TRY IT - An exact reproduction is required of the lines from the beginning of the entries through the line with "2023 BMW 318", pictures excluded and nothing added.
-=-=-=-=-
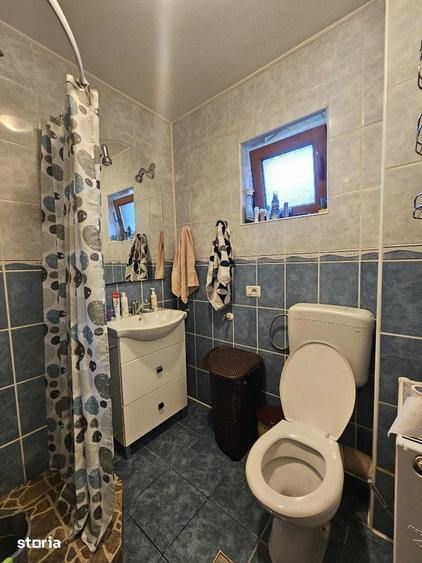 Casă cu 4 camere cu Teren 740 Mp în Central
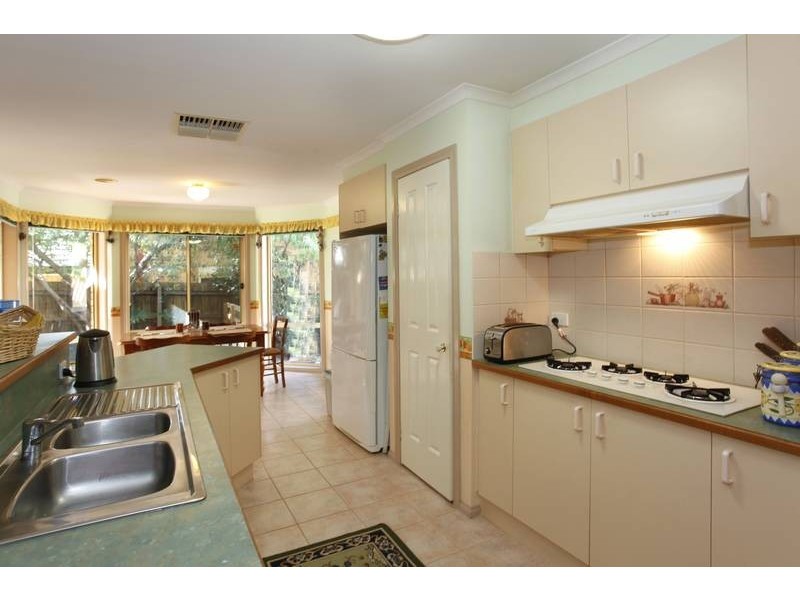 11 Milburn Court, Endeavour Hills VIC 3802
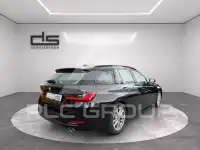 2023 BMW 318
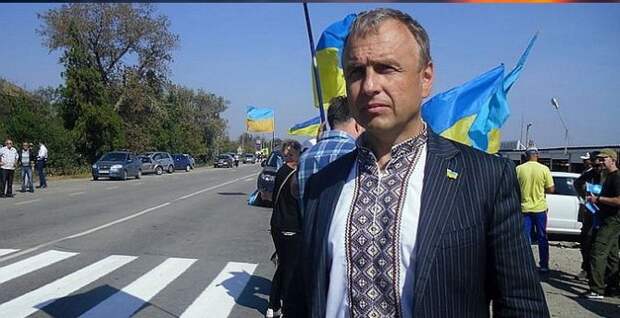 УКРАИНСКИЙ ЧИНОВНИК ЗАПИСАЛ ОБРАЩЕНИЕ К ПУТИНУ: ВЫ ЗАСТАВИЛИ НАС СТРАДАТЬ И ПЛАКАТЬ, ДАЙТЕ ДЕНЕГ (ВИДЕО) УКРАИНСКИЙ ЧИНОВНИК ЗАПИСАЛ ОБРАЩЕНИЕ К ПУТИНУ: ВЫ ЗАСТАВИЛИ НАС СТРАДАТЬ И ПЛАКАТЬ, ДАЙТЕ ДЕНЕГ (ВИДЕО)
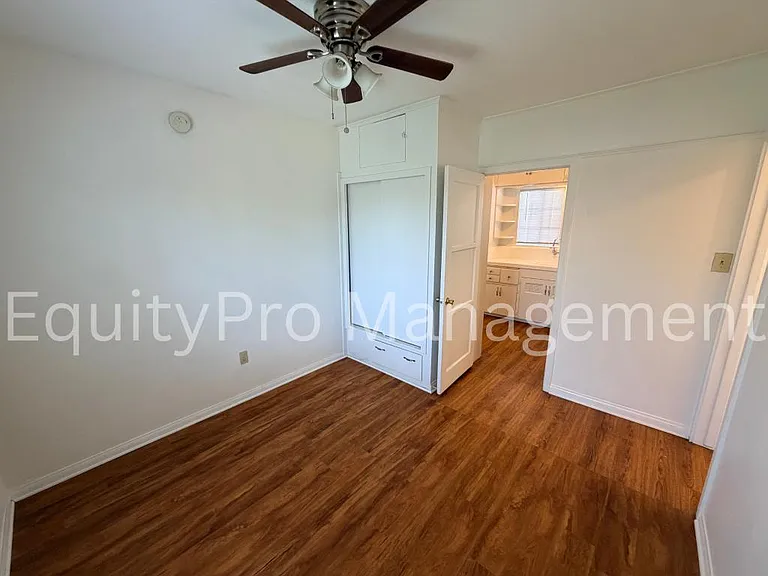 6706 S Pickering Ave #6708-1/2 — Photo 10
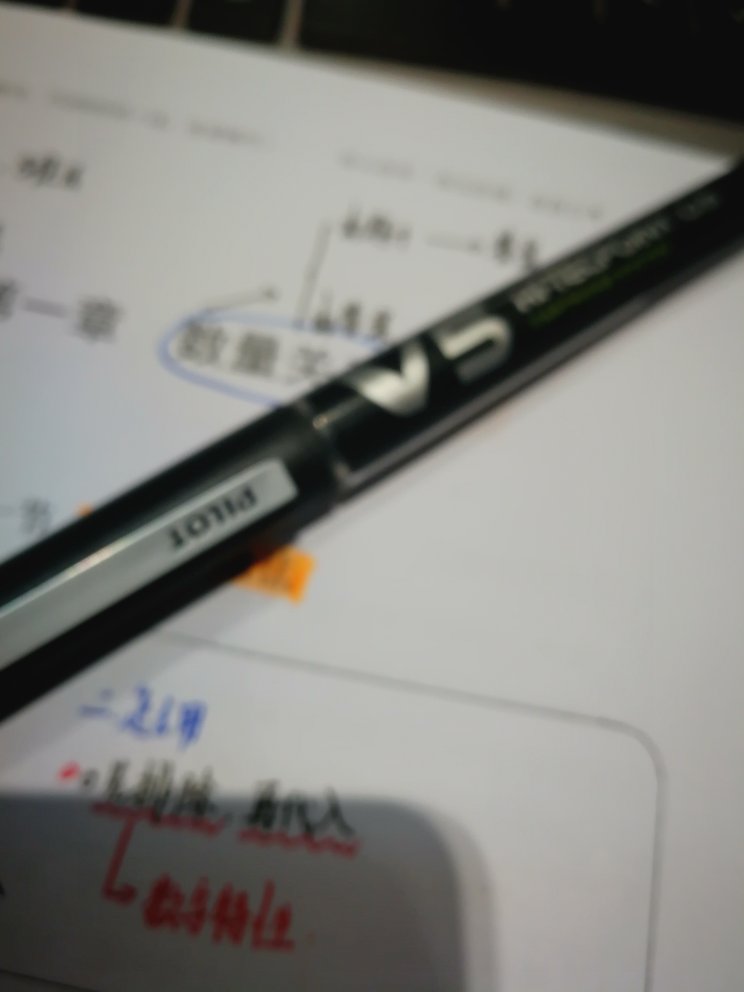 超级喜欢的一款百乐笔。因为自己一直习惯用0.35的笔,而考试需要0.5。。找了好久终于找到了这款适合我,写字舒服的笔。开心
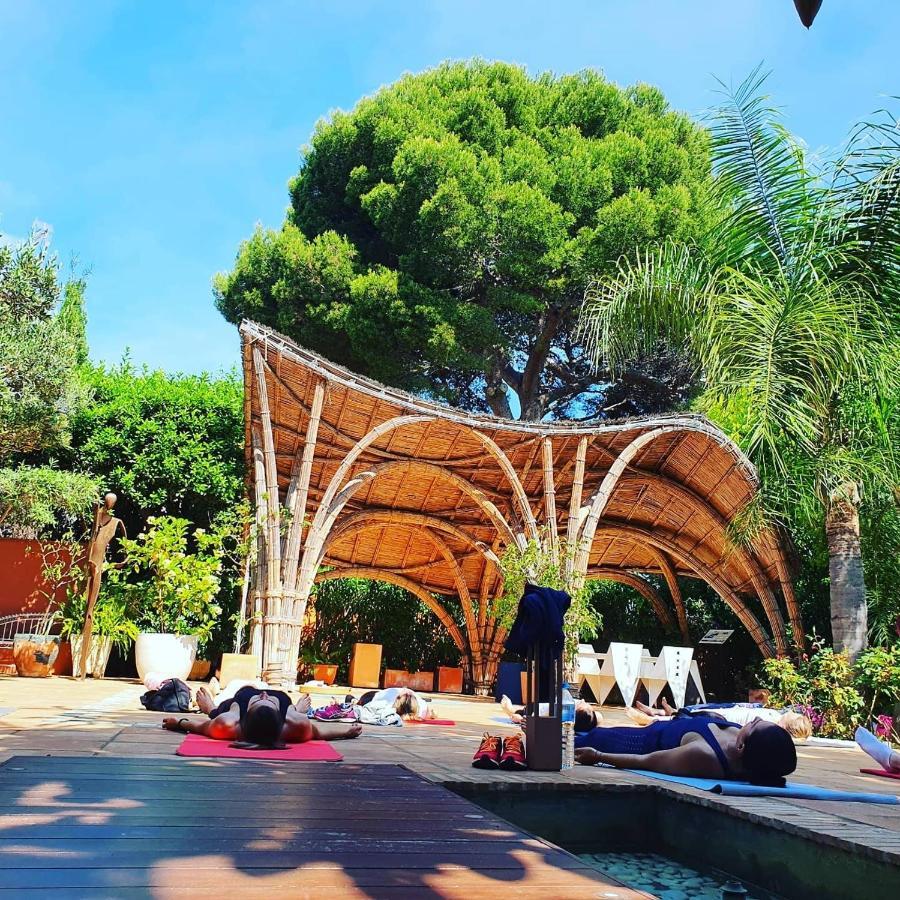 Hotel Mr Les Rotes دينايا المظهر الخارجي الصورة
-=-=-=-=-
EXERCISE RESULT -
 Casă cu 4 camere cu Teren 740 Mp în Central
 11 Milburn Court, Endeavour Hills VIC 3802
 2023 BMW 318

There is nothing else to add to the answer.